If that doesn’t immediately connect in our minds with “speaking the truth in love,” notice the very next verse (Ephesians 4:13):
“until we all reach unity in the faith and in the knowledge of the Son of God and become mature, attaining to the whole measure of the fullness of Christ”
Do you see it? Verses 11 and 12 say Christ gave the various offices of the Church to prepare and equip his people for service – until we come to maturity in him (vs. 13), which is exactly the reason Paul gives in verse 15 for speaking the truth in love.
But let’s look at that expression a little more closely. The Greek Paul wrote is “alētheuontes de en agapē” which is literally “being true, yet in love.” The first word there – a form of alētheuō – can mean to speak the truth, teach the truth, or live the truth. This is important because the second meaning – to teach the truth – is obviously involved in the context of Ephesians 4. Paul is talking about the various types of preachers and teachers in the Church, and he doesn’t just mean they should not lie, but that they should teach the truth – that’s how the Church then grows into the stature of Christ (vs. 15).

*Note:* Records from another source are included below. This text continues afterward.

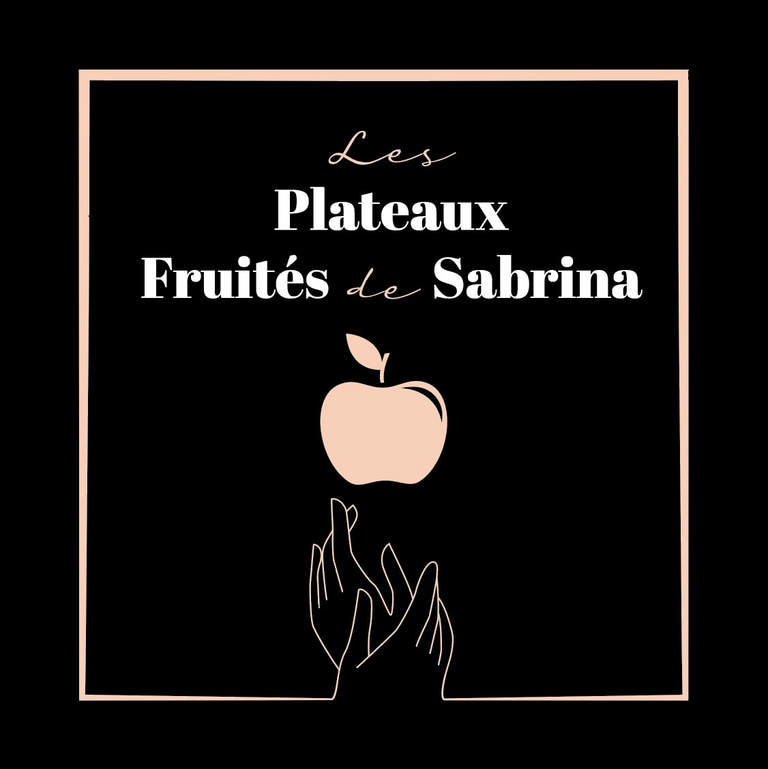 Les Plateaux Fruités de Sabrina logo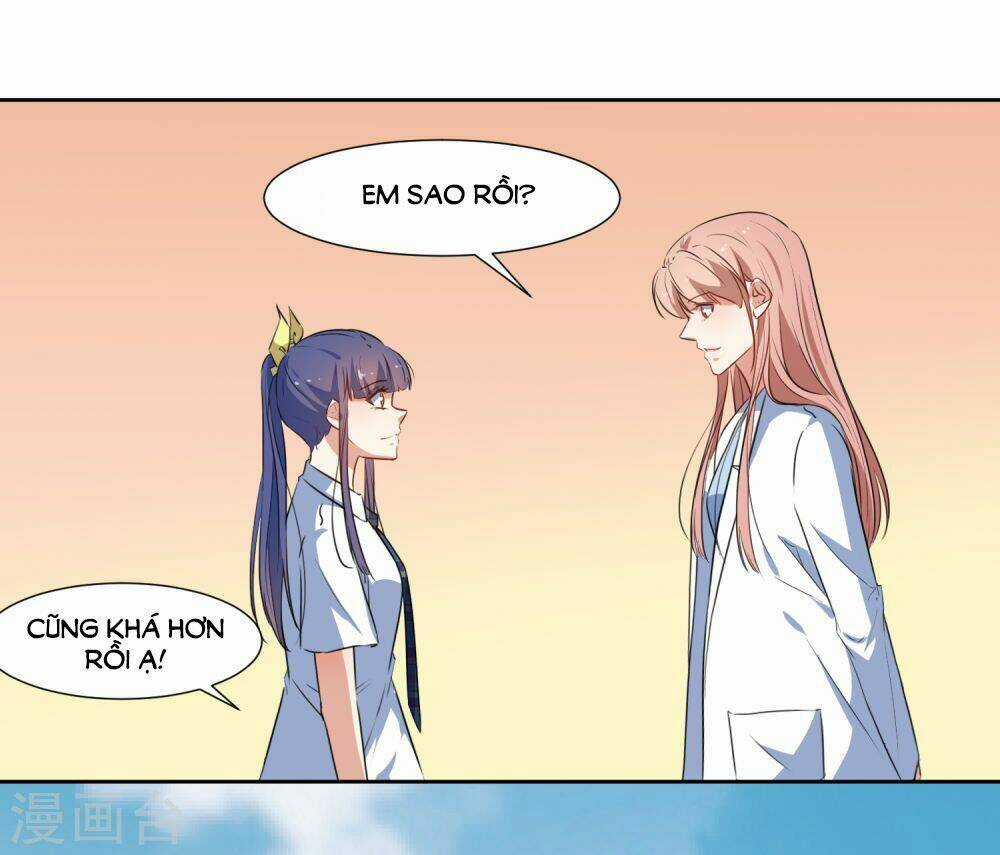 Thầy Giáo Ác Ma Yêu Tôi Rồi Chapter 46 trang 14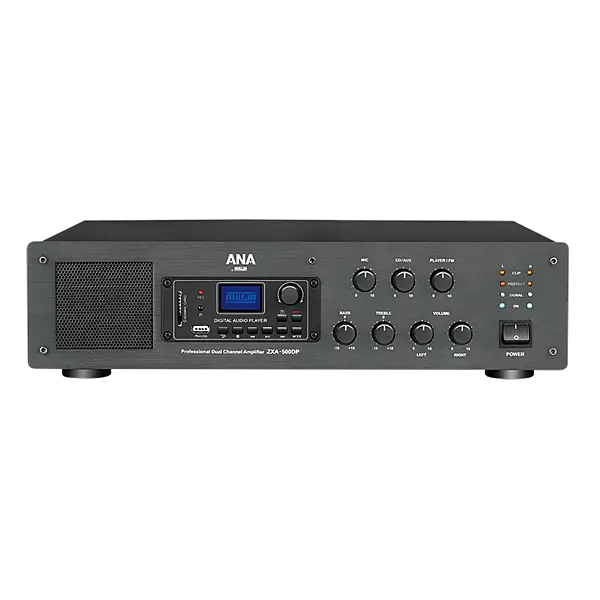 Ahuja ZXA- 500DP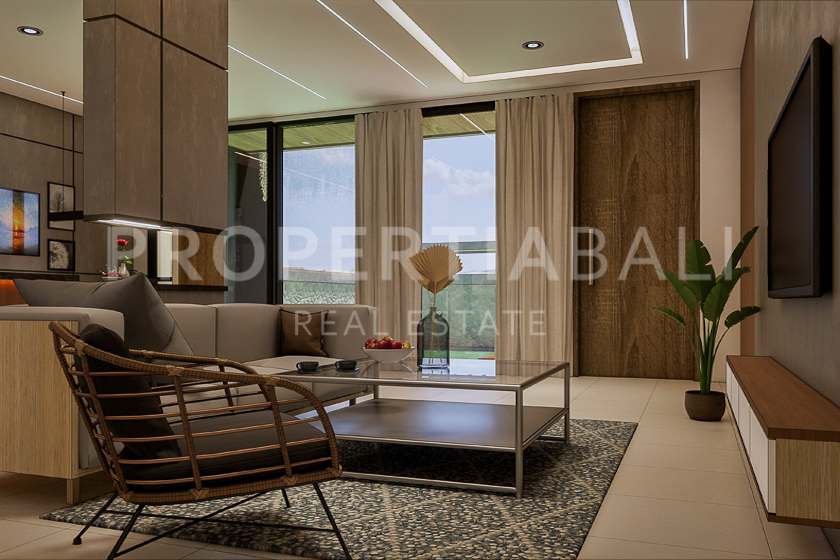 Stunning Modern Villa In Bingin. Villas in Bali for Sale: Вилла в Бингин, Балиан за 266 тыс. USD. Leasehold. Главное фото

Notice that the third meaning of alētheuō is that of living the truth. This may apply in this verse also. Clearly, it is only as we live the truth, not just profess it, that we grow towards the stature of Christ. That is why the Revised version, in Ephesians 4:15, gives an alternate translation of “speaking the truth” as “to deal truly,” and the Douay Rheims version translates it “doing the truth in charity.” The Amplified Version expands on this aspect of the verse by paraphrasing: “let our lives lovingly express truth [in all things, speaking truly, dealing truly, living truly]” (AMPC).
So when we look closely at Ephesians 4:15, the focus of the verse in context is one of the responsibility for those who handle the word of God to teach the truth, and the responsibility all of us have to make truth a part of our lives of love. The emphasis is not on our telling others the truth they need to hear – as in the “tough love” kind of truth we give – but on the true love kind of truth we live.